• _DIRECTIONS FOR THIS TASK_: Your job is to print, exactly, the lines in the data below from the line with "تصویر کوچک آگهی" through the line with "宿迁18年路虎发现神行1", both included, and to omit any picture.

• _Scraped caption text data_:
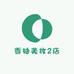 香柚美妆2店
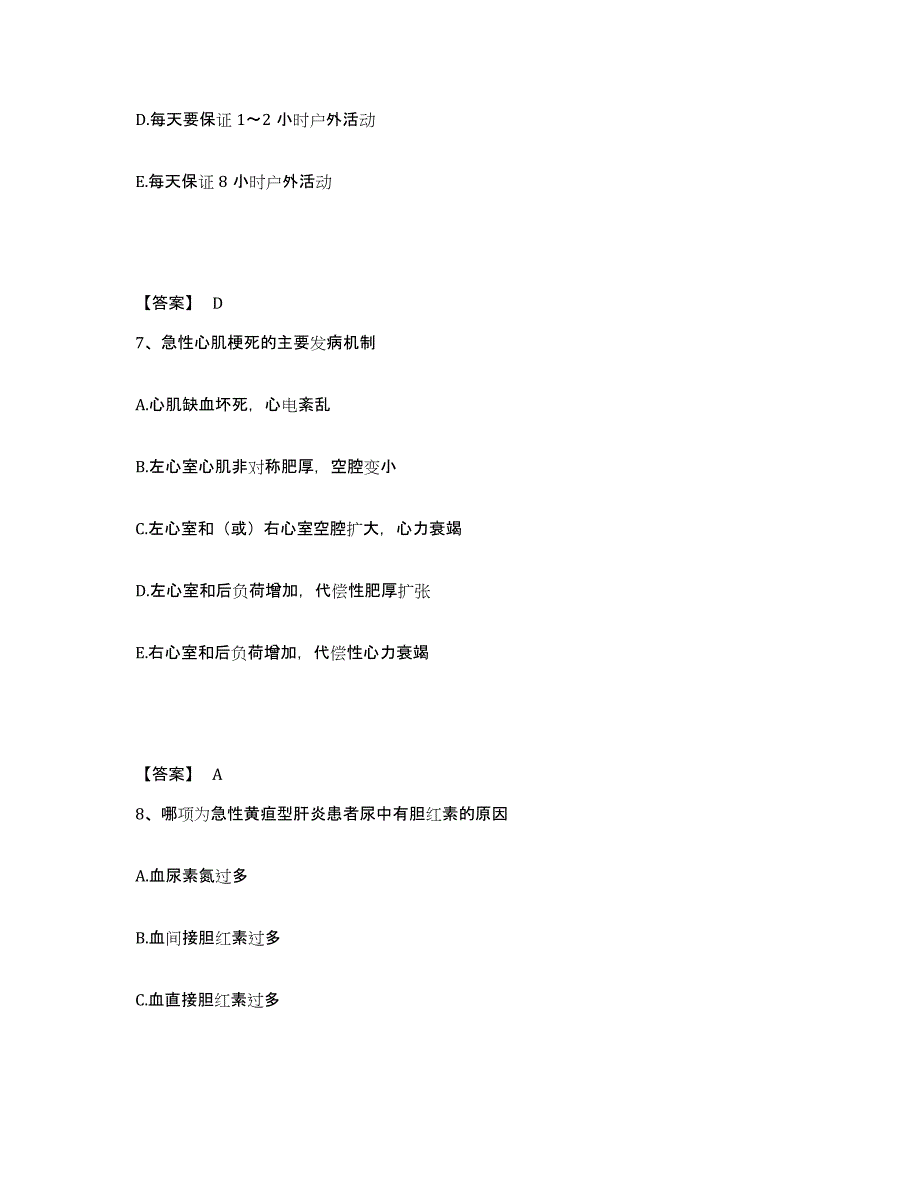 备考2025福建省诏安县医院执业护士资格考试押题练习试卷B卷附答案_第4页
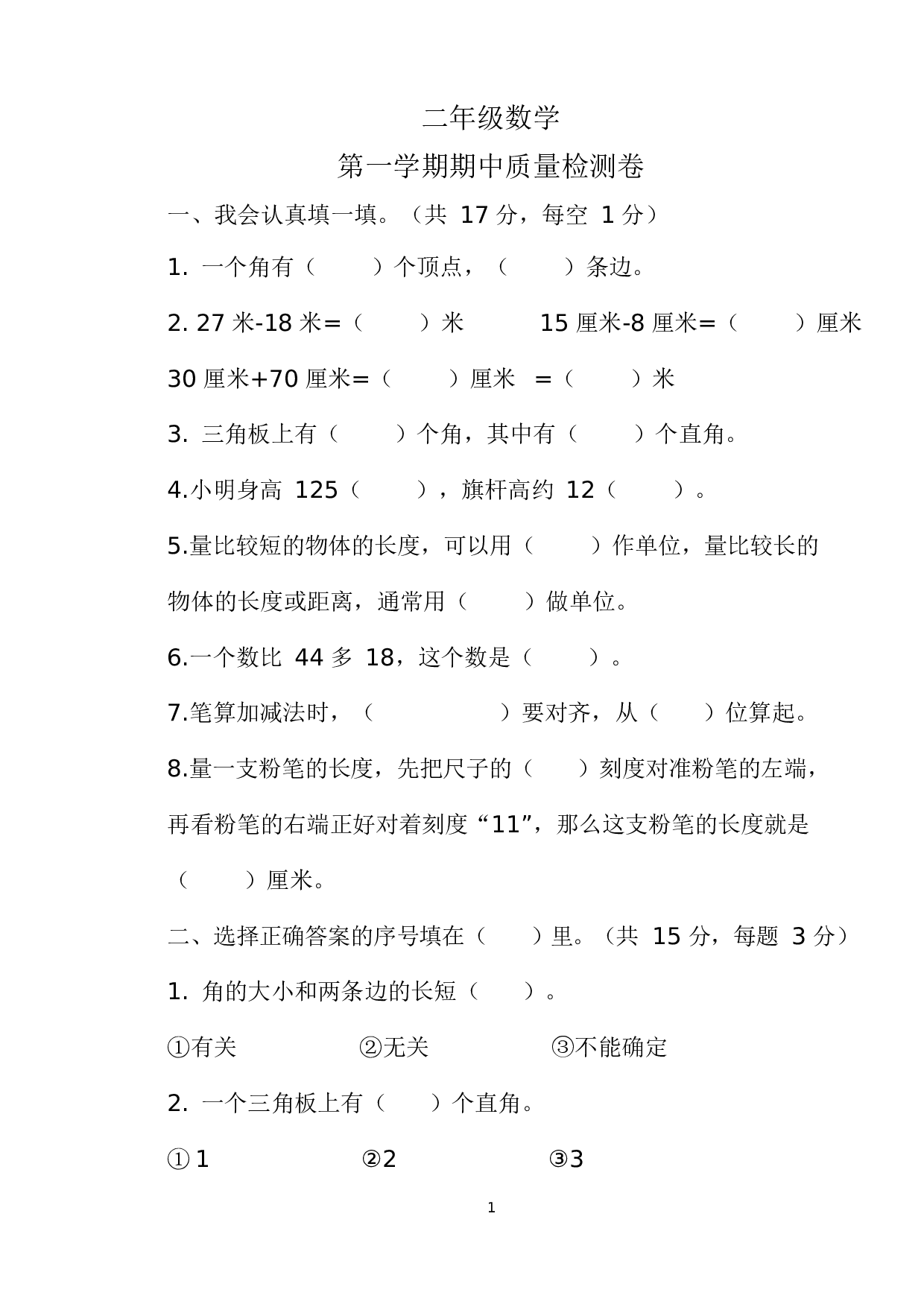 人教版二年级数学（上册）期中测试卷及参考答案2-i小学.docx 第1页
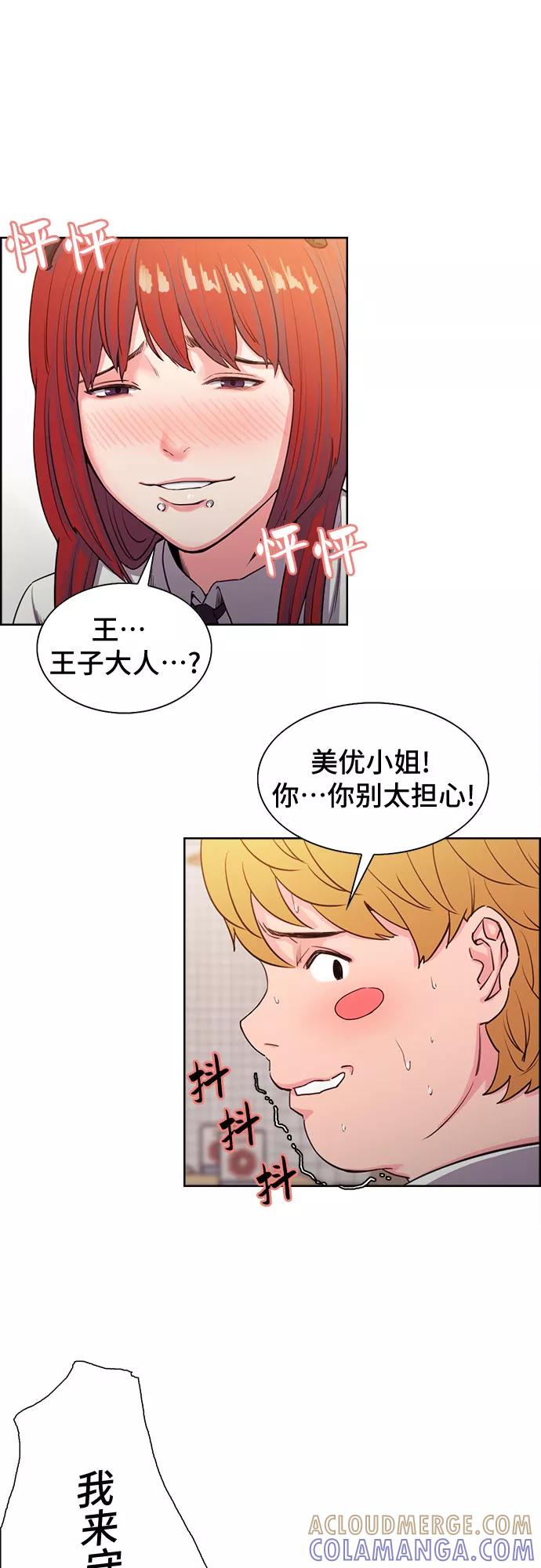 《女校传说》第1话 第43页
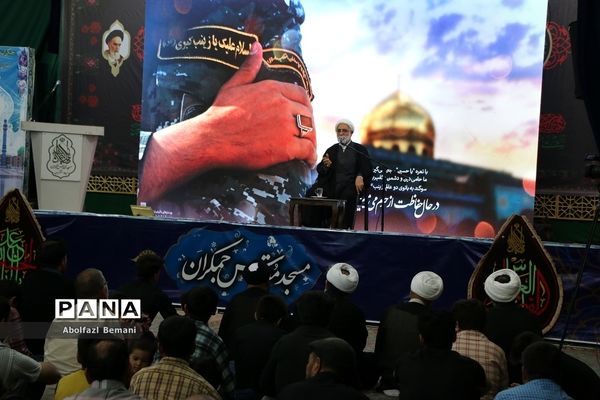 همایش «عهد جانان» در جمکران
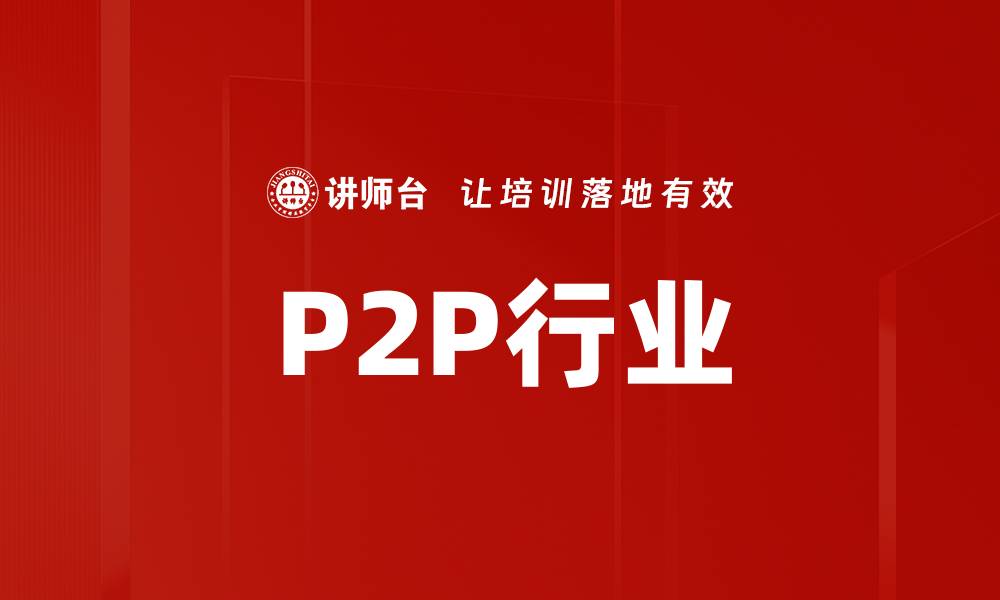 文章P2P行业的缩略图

---

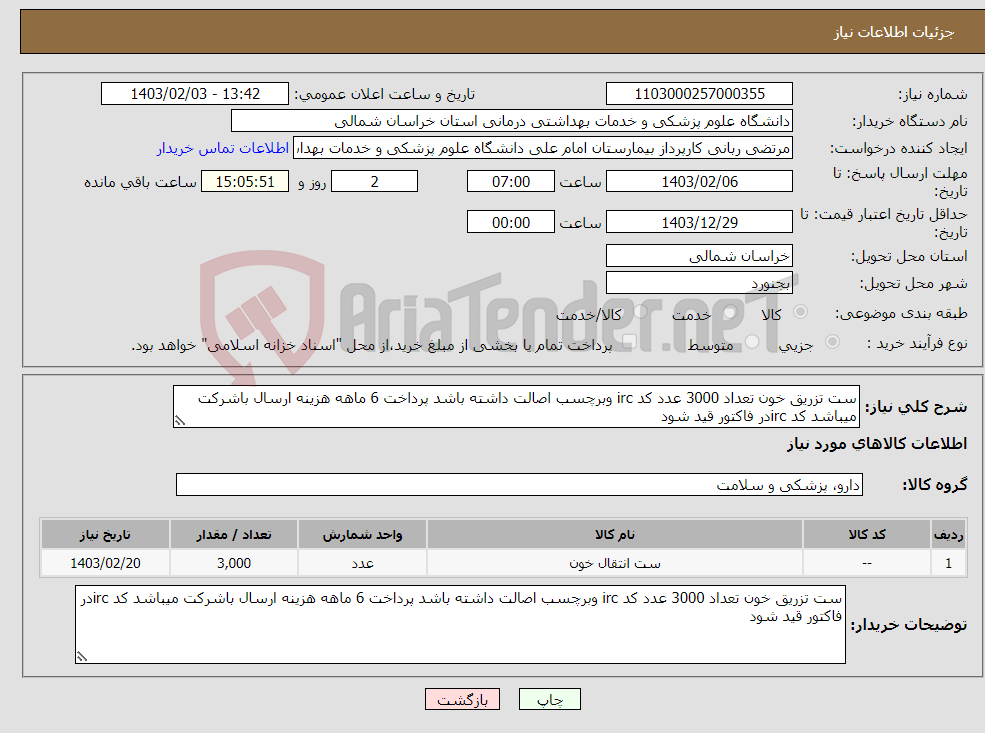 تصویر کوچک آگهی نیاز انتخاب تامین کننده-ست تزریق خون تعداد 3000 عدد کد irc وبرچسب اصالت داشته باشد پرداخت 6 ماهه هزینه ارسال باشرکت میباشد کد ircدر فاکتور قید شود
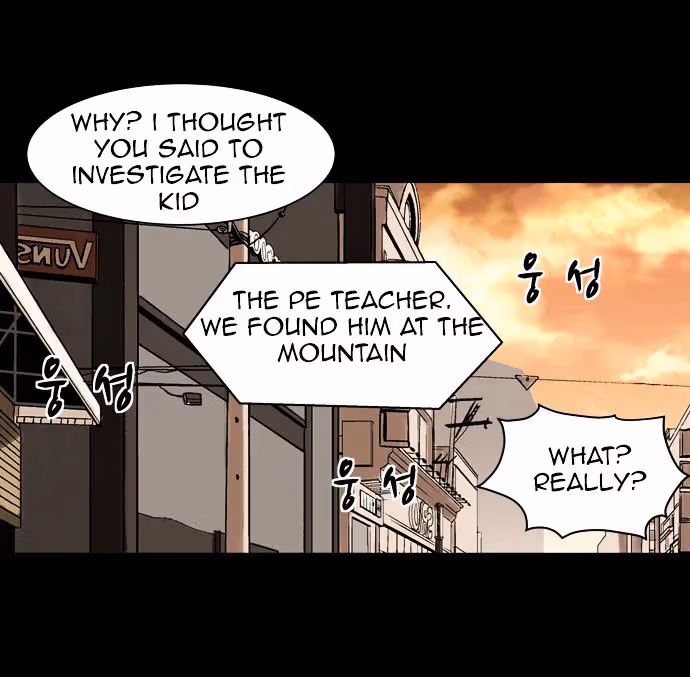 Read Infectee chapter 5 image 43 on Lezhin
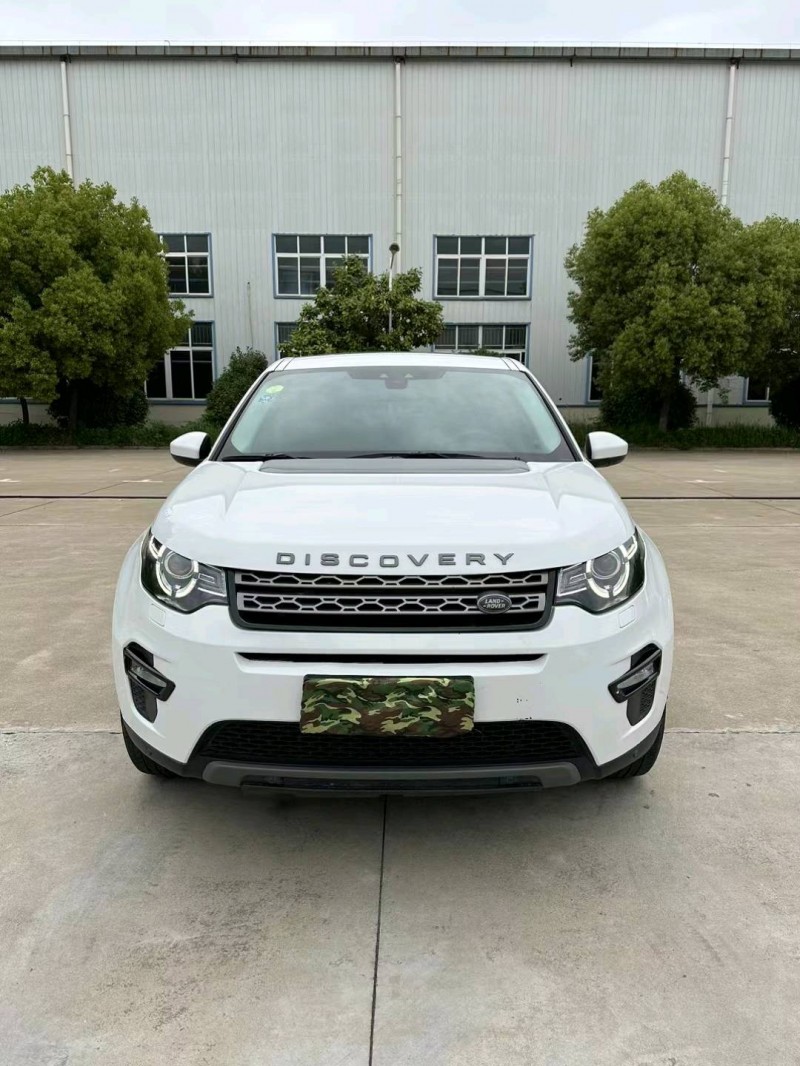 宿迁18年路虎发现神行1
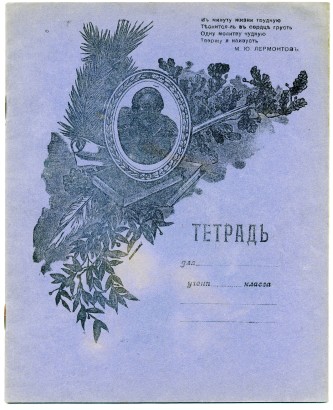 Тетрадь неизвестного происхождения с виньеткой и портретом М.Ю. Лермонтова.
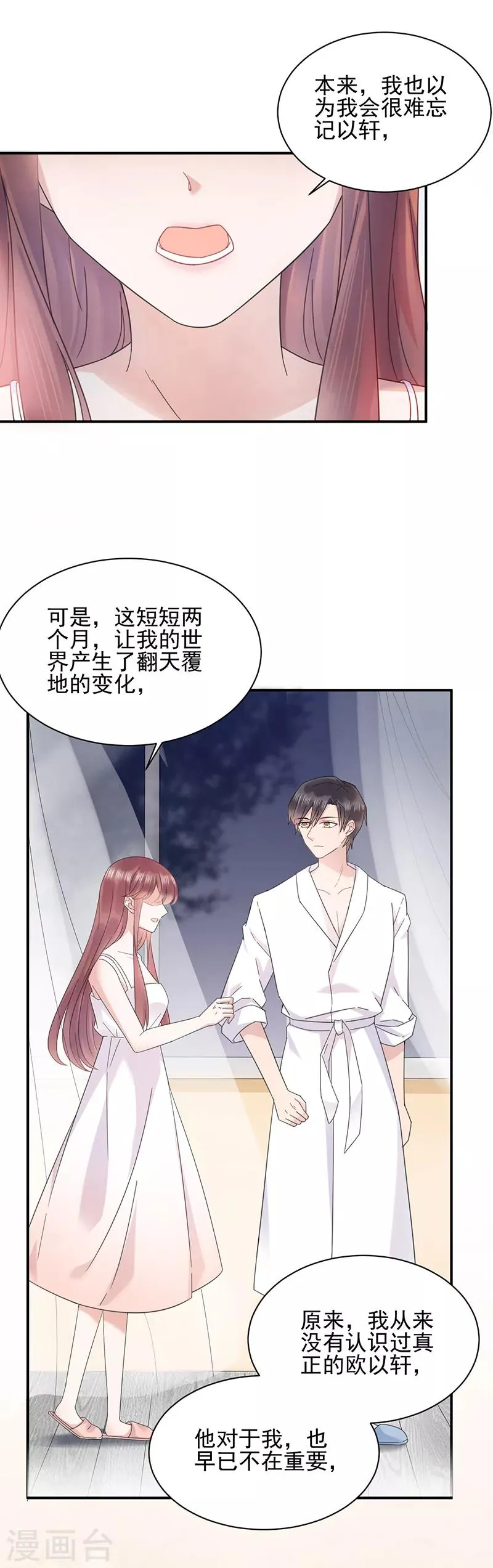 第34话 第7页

• _REPLY TO THE TASK_:
 تصویر کوچک آگهی نیاز انتخاب تامین کننده-ست تزریق خون تعداد 3000 عدد کد irc وبرچسب اصالت داشته باشد پرداخت 6 ماهه هزینه ارسال باشرکت میباشد کد ircدر فاکتور قید شود
 Read Infectee chapter 5 image 43 on Lezhin
 宿迁18年路虎发现神行1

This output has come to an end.